Complot ou accident ? Le 18 septembre 1961, l'avion du secrétaire général de l'ONU, Dag Hammarskjöld, s’écrase dans l'actuelle Zambie. Aujourd’hui, la thèse de l’attentat ne fait plus guère de doute. "On sait aujourd'hui qu'il s'agit d'un attentat", affirme le journaliste Maurin Picard, auteur d’un livre sur cette affaire mystérieuse, au sous-titre accusateur.

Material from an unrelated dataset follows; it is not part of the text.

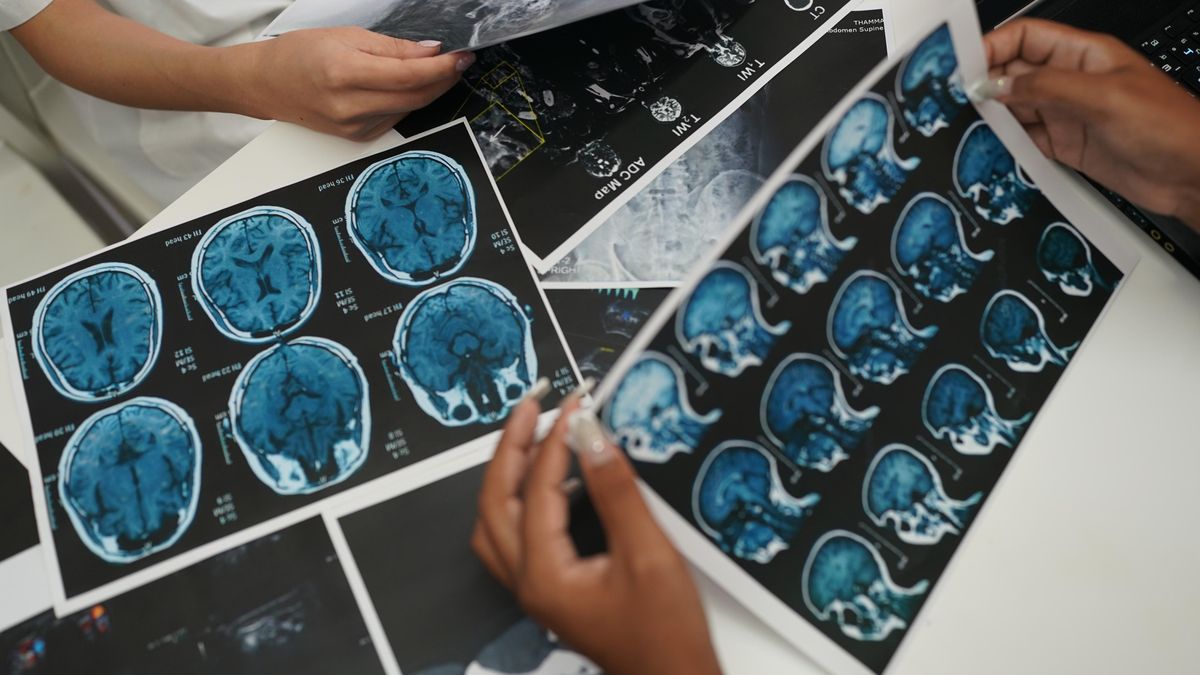 Roky jí tvrdili, že je na vině stres. Příčinou deformit a vleklých bolestí byla akromegalie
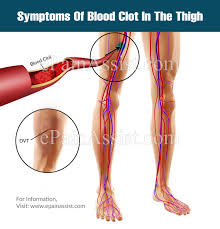 Sudden breathlessness, sharp chest pain (may be worse when you breathe in) and a cough or coughing up blood. Symptoms Of Blood Clot In Thigh Its Treatments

Dans cet ouvrage, intitulé Ils ont tué Monsieur H et consacré à la mort mystérieuse du secrétaire général de l'ONU en 1961, en pleine crise du Congo, tous les ingrédients du polar sont réunis : un décor (le continent africain en pleine décolonisation), le héros (le secrétaire général de l'ONU lancé dans la mêlée), de sombres intérêts (une riche société minière), un contexte (le Congo qui se déchire avec, en toile de fond, la guerre froide) et tout autour des méchants (des services secrets et des mercenaires)... Et, bien sûr, ce qui ressemble à un meurtre. Celui de Dag Hammarskjöld, secrétaire général de l'ONU depuis huit ans.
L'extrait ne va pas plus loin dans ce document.